This package for R offers a series of commands to use the History Lab API in order to download data from our collections. For instuctions on how to use the commands, see the Quick Start guide.
The History Lab API has documents available from 11 different collections, as detailed below. The R functions will search across all collections, unless a specific collection or set of collections is specified.

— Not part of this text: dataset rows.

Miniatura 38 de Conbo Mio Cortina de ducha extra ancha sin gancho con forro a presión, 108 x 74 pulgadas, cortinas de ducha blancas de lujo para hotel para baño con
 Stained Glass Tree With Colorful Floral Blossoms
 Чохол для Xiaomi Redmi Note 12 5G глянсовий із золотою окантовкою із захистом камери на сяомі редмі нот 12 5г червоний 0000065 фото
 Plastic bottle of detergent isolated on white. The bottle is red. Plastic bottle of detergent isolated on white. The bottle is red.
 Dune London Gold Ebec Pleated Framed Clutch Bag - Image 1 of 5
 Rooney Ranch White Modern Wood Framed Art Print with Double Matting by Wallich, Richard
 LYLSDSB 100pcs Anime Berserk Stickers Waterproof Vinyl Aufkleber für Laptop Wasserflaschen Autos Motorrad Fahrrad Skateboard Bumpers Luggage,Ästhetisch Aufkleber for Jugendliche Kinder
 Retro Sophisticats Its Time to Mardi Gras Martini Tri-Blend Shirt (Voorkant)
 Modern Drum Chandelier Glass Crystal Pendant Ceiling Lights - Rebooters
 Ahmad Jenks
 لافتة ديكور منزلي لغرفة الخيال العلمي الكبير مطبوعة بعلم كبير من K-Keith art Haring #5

corpus | title | starts | ends | documents |
---|---|---|---|---|
frus | Foreign Relations of the United States | 1620 | 1989 | 311866 |
cia | CIA CREST Collection | 1941 | 2005 | 935716 |
clinton | Clinton E-Mail | 2009 | 2013 | 54149 |
briefing | Presidential Daily Briefings | 1946 | 1977 | 9680 |
cfpf | State Department Central Foreign Policy Files | 1973 | 1979 | 3214293 |
kissinger | Kissinger Telephone Conversations | 1973 | 1976 | 4552 |
nato | NATO Archives | 1949 | 2013 | 46002 |
un | United Nations Archives | 1997 | 2016 | 192541 |
worldbank | World Bank McNamara Records | 1942 | 2020 | 128254 |
cabinet | UK Cabinet Papers | 1907 | 1990 | 42539 |
cpdoc | Azeredo da Silveira Papers | 1973 | 1979 | 10279 |
The API can return many different fields which are described in the table below. By default, the API functions will only return doc_id, authored, and title.
field | title |
---|---|
authored | Document date |
wikidata_ids | Wikidata IDs of entities in document |
entgroups | Entity types appearing in document |
entities | Standardized entity names in document |
topic_names | Top 5 tokens for each topic |
topic_scores | Topic score for each topic listed |
topic_ids | ID number for each topic (used to search by topic) |
title | Document title |
classification | Original classification of document (if known) |
corpus | Collection document is from |
doc_id | Unique document identifier |
There are a number of functions in this package
hlapi_overview
- This function provides an overview of the collections, topics, and entities across our documents.
hlapi_id
- This function will return data for a specific document ID or for a list of document IDs. Because document IDs are unique across all collections, documents can be returned from multiple collections.
hlapi_search
- This function performs a full-text search for a word or phrase across all collections or within specific collections.
hlapi_date
- Function to search the collections for documents appearing on a specific date or range of dates.
hlapi_entity
- Function to search for entities across collection. (Note: the search requires Wikidata IDs)
hlapi_topics
- Function to search for documents cotaining specific topics across collections.